L’année dernière, Suella Braverman, alors ministre de l’Intérieur, a écrit un article dans le journal Mail on Sunday pour attiser les craintes concernant les « gangs de toilettage asiatiques ».
Elle a déclaré qu’il s’agissait de « groupes d’hommes qui ont des attitudes culturelles totalement incompatibles avec les valeurs britanniques ».
La seule raison pour laquelle Robinson peut prétendre que les hommes asiatiques sont responsables de la garde des enfants est à cause de l’atmosphère islamophobe rance des deux dernières décennies.
Il y a un autre élément de l’analyse de Davis qui semble vrai aujourd’hui.
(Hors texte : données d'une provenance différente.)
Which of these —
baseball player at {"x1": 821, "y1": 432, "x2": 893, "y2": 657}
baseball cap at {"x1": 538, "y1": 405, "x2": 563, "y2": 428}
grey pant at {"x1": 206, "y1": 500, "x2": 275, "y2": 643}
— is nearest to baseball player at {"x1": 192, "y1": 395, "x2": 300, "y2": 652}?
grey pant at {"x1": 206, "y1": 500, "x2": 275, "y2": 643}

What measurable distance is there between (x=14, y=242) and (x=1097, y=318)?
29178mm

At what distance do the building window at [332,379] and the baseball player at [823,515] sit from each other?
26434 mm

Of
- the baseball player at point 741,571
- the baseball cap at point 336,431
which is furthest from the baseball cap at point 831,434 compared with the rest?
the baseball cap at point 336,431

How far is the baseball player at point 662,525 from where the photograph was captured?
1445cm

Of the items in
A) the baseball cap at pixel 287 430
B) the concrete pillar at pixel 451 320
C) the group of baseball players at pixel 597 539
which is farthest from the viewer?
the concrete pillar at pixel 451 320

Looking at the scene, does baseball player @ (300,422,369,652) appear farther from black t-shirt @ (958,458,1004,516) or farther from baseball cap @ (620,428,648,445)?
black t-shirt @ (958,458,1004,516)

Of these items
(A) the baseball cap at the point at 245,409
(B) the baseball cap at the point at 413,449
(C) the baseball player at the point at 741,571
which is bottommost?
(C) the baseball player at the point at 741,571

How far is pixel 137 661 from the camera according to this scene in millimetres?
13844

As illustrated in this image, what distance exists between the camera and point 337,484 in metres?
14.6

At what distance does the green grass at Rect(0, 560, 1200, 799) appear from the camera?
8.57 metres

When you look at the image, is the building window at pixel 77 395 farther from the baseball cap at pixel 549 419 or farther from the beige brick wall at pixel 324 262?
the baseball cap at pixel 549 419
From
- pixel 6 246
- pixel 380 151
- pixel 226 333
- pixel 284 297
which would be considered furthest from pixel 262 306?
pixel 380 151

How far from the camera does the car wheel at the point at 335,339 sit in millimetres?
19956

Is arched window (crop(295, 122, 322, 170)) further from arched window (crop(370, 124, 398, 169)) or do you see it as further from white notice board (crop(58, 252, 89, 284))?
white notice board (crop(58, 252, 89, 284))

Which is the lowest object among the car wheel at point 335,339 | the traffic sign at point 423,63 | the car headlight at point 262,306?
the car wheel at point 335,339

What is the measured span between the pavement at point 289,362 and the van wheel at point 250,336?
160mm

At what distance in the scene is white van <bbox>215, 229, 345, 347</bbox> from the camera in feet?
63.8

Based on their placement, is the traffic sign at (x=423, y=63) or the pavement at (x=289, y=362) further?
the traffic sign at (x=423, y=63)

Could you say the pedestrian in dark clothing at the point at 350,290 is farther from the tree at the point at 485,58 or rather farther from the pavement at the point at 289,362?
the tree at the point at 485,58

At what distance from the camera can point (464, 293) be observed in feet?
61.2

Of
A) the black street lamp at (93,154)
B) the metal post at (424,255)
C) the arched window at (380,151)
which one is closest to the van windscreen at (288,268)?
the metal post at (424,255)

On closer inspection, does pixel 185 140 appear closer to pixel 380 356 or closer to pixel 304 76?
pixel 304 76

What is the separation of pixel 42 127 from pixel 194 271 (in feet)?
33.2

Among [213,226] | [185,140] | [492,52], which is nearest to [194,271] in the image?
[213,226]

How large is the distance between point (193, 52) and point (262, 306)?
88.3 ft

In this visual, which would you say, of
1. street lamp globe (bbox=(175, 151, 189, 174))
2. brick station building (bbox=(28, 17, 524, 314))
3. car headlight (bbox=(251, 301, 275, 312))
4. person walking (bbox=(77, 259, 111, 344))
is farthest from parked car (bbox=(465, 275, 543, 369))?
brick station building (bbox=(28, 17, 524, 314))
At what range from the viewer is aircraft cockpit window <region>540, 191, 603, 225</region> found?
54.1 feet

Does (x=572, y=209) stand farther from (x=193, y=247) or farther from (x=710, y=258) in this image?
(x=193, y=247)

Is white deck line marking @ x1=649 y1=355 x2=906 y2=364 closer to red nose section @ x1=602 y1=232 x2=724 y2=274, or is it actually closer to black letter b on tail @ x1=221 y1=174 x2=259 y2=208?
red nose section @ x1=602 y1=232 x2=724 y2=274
En évoquant les origines du « mythe du violeur noir », elle a déclaré que catégoriser ainsi les hommes noirs signifiait également que les femmes noires souffraient.
« Une fois acceptée l'idée selon laquelle les hommes noirs nourrissent des pulsions sexuelles irrésistibles et animales, la race entière est investie de bestialité », écrit-elle.
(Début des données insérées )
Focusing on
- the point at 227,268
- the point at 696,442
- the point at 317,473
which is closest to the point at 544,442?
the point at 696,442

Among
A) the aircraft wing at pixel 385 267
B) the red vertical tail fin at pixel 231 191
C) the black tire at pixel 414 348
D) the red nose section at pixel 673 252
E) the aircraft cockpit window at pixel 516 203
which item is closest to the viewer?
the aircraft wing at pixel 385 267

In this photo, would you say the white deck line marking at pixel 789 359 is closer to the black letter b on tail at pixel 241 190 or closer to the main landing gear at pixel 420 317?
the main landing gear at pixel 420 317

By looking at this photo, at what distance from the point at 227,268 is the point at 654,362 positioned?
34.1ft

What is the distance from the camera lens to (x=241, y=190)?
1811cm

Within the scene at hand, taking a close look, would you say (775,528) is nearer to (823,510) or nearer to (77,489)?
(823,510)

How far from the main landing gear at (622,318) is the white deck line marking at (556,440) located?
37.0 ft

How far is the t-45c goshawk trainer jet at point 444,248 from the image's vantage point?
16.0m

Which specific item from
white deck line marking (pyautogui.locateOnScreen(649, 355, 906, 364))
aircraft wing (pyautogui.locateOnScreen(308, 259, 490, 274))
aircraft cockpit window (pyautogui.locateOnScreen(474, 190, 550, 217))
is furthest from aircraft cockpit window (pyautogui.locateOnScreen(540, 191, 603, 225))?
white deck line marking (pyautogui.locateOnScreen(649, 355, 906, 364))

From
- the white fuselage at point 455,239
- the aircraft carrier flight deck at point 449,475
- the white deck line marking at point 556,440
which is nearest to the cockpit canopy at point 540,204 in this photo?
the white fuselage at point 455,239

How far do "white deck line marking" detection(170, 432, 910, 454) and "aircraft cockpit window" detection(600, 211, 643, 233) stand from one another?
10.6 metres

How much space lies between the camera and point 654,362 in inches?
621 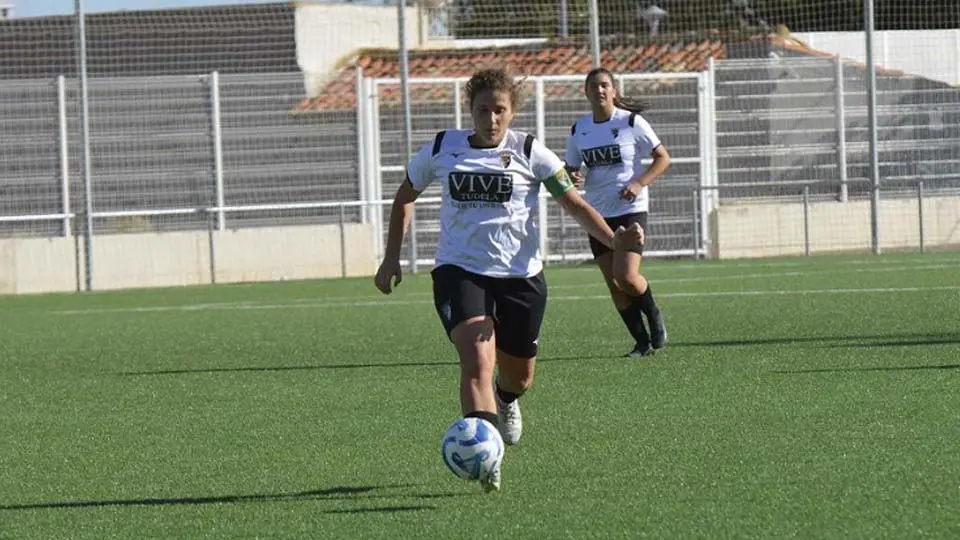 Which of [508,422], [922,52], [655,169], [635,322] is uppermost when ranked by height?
[922,52]

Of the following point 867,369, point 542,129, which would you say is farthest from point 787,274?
point 867,369

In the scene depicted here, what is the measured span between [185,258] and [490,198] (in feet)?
65.6

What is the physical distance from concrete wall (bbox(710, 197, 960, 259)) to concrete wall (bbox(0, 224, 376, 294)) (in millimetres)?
5600

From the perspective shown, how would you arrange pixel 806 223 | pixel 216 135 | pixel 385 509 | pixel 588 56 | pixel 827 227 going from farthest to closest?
pixel 588 56 → pixel 806 223 → pixel 827 227 → pixel 216 135 → pixel 385 509

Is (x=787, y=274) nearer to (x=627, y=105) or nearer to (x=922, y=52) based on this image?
(x=922, y=52)

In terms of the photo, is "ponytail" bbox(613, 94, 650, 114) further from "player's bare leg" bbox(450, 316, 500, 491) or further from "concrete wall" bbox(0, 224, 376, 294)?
"concrete wall" bbox(0, 224, 376, 294)

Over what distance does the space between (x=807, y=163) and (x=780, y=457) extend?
22503mm

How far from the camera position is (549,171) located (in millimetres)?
8250

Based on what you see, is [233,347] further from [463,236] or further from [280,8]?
[280,8]

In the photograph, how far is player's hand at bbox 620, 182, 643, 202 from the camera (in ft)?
44.4

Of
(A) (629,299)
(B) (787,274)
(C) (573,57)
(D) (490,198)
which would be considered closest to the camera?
(D) (490,198)

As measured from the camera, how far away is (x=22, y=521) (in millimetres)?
7324

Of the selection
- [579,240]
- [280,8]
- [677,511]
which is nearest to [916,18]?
[579,240]

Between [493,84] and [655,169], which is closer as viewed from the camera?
[493,84] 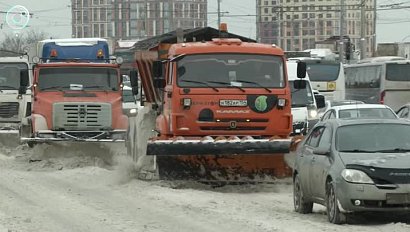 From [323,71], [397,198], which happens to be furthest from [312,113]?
[323,71]

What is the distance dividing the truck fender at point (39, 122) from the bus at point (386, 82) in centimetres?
2161

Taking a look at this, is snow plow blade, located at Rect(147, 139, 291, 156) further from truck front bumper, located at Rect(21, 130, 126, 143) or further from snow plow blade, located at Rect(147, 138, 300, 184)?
truck front bumper, located at Rect(21, 130, 126, 143)

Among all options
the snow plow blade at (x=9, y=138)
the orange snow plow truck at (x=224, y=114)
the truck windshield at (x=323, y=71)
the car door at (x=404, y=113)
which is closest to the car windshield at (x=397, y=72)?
the truck windshield at (x=323, y=71)

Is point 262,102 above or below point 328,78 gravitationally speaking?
above

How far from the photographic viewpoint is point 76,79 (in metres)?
22.1

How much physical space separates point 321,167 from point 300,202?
3.73 ft

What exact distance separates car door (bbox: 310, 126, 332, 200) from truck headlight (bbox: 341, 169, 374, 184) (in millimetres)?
627

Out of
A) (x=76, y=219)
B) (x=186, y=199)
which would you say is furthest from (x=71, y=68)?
(x=76, y=219)

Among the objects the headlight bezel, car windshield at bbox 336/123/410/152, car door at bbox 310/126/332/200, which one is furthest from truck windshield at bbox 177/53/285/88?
the headlight bezel

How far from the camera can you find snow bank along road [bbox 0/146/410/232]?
448 inches

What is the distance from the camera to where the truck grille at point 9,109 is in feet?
95.8

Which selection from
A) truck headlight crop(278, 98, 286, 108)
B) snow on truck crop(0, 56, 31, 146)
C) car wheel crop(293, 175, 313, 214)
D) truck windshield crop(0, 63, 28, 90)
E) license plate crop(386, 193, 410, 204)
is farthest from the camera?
truck windshield crop(0, 63, 28, 90)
Les équipes de lynchage des années 1930 et la foule aboyante de Robinson prétendent aujourd'hui protéger les femmes blanches de la violence des hommes.
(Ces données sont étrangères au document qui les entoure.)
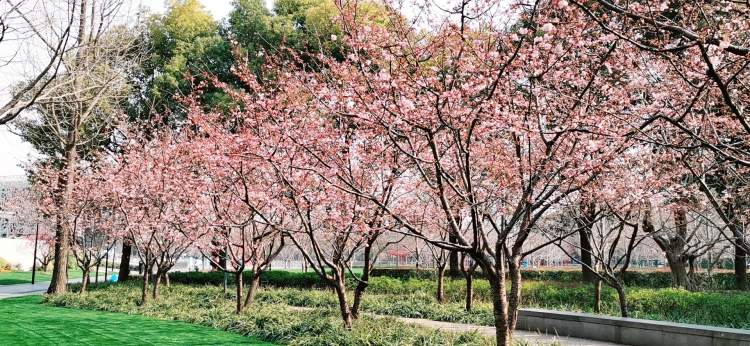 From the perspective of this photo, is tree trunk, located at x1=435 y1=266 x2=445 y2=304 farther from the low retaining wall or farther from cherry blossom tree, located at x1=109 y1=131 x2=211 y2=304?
cherry blossom tree, located at x1=109 y1=131 x2=211 y2=304

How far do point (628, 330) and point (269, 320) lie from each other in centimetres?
577

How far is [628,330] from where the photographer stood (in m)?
8.32

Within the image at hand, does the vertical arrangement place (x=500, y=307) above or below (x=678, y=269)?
below

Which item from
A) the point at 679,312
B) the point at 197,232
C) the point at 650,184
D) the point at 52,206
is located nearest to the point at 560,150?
the point at 650,184

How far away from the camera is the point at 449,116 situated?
535cm

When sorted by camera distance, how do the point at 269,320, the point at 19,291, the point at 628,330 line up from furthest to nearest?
the point at 19,291
the point at 269,320
the point at 628,330

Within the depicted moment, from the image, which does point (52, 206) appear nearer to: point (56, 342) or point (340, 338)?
point (56, 342)

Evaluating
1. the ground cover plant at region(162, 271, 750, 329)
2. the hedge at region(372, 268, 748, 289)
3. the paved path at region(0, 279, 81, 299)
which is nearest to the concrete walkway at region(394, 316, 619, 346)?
the ground cover plant at region(162, 271, 750, 329)

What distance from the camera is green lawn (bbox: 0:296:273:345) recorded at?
896 centimetres

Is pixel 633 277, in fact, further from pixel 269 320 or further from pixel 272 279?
pixel 269 320

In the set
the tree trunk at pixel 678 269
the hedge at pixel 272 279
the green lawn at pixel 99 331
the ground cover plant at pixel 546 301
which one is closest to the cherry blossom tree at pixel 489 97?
the green lawn at pixel 99 331

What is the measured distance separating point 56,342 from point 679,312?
10496mm

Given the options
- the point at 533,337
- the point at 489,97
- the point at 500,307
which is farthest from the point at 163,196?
the point at 489,97

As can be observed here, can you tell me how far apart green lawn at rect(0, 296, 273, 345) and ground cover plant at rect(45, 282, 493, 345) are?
0.37m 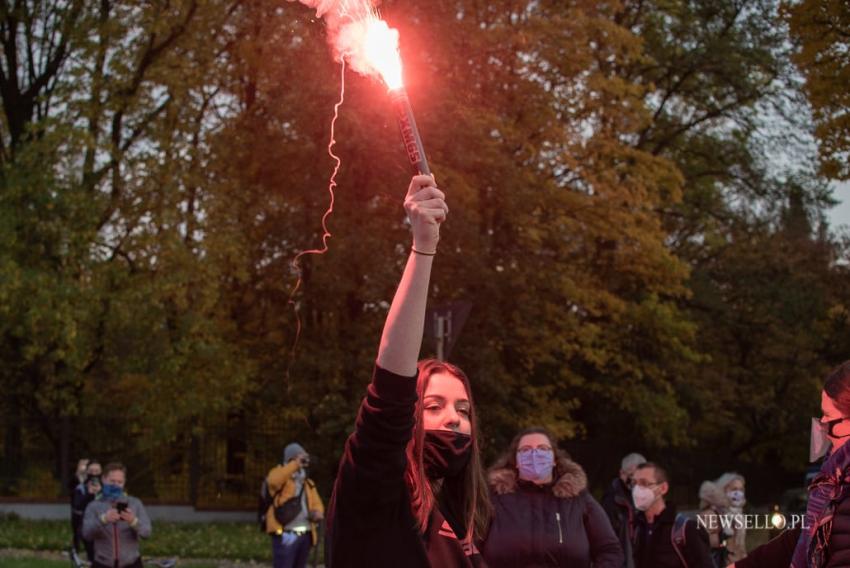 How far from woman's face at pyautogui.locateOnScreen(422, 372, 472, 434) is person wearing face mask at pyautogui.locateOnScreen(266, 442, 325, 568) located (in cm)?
1065

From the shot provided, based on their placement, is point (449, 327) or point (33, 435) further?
point (33, 435)

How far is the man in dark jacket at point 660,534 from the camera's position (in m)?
9.03

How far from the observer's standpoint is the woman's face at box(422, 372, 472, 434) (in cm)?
383

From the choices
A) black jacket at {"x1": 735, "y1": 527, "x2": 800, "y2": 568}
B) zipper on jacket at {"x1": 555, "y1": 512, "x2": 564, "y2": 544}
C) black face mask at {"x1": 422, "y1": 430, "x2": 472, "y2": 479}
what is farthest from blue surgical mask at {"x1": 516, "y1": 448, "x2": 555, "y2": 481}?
black face mask at {"x1": 422, "y1": 430, "x2": 472, "y2": 479}

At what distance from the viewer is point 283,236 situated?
87.2ft

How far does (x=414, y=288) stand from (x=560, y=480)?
14.4 ft

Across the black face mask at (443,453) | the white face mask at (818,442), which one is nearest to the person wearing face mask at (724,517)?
the white face mask at (818,442)

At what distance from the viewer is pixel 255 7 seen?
2842cm

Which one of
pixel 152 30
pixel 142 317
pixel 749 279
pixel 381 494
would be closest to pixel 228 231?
pixel 142 317

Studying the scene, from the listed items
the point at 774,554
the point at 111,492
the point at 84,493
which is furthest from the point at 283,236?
the point at 774,554

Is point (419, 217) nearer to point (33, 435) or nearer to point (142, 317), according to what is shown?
point (142, 317)

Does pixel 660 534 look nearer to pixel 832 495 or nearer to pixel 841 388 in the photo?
pixel 841 388

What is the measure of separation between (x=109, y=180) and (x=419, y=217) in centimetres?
2476

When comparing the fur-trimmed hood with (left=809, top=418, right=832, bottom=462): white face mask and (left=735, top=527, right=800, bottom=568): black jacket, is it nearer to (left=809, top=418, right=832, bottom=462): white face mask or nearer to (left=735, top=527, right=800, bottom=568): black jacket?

Le racisme a fait des hommes noirs des hommes sexuellement violents et agressifs. De la même manière, il a défini la féminité noire comme étant façonnée par la disponibilité sexuelle et la promiscuité.
Aujourd’hui, les représentations racistes des hommes musulmans comme sournois et pervers côtoient l’idée selon laquelle les femmes musulmanes sont soumises aux hommes qui les entourent.
Les femmes musulmanes sont considérées comme ayant peu de liberté pour faire leurs propres choix. On suppose qu’ils sont sexuellement réprimés et qu’ils ont besoin d’être secourus.
L’universitaire australienne Susan Carland écrit : « L’hypothèse est que les femmes musulmanes doivent être entièrement libérées de la religion avant que quelque chose proche de la libération ou de l’égalité puisse être réalisé. »
Cela a des implications pratiques pour les victimes d’abus. Les femmes blanches ne sont pas prises suffisamment au sérieux lorsqu’elles dénoncent des abus, et les femmes noires reçoivent encore moins de soutien.
Imkaan, un groupe spécialisé dans la lutte contre la violence contre les femmes et les filles noires et issues de minorités, a publié un rapport en 2020 qui examine l'impact du racisme sur la violence sexuelle. « Les femmes minoritaires issues de contextes et de communautés particuliers sont plus susceptibles d'être criminalisées, considérées comme complices de violences à leur encontre et donc moins susceptibles d'être considérées comme des « victimes » de violences sexuelles », rapporte-t-il.
« Ils sont également soumis à des peines plus sévères et ont moins accès à une assistance spécialisée. »
Robinson tente de tirer profit de la violence horrible que les jeunes femmes ont subie.
Une telle racialisation de l’exploitation sexuelle et sexuelle obscurcit les relations sociales plus larges qui rendent les abus inévitables et laisse les victimes ignorées.
C’est une société malade et sexiste qui offre un environnement fertile pour les abus sexuels de toutes sortes.
Et c'est cette même société, avec ses différences de classe et ses préjugés, notamment à l'égard des jeunes femmes de la classe ouvrière, qui fait que les victimes ne sont pas écoutées.
Les gens devraient être tenus responsables des souffrances qu’ils infligent aux autres.
Mais les tentatives visant à présenter l’ESC comme le produit de cultures spécifiques ou simplement comme le résultat d’individus maléfiques ne contribueront en rien à apporter la libération.
Justice pour les victimes de tout type d’abus et de harcèlement, c’est s’attaquer au racisme et au sexisme de Tommy Robinson et de sa bande de voyous.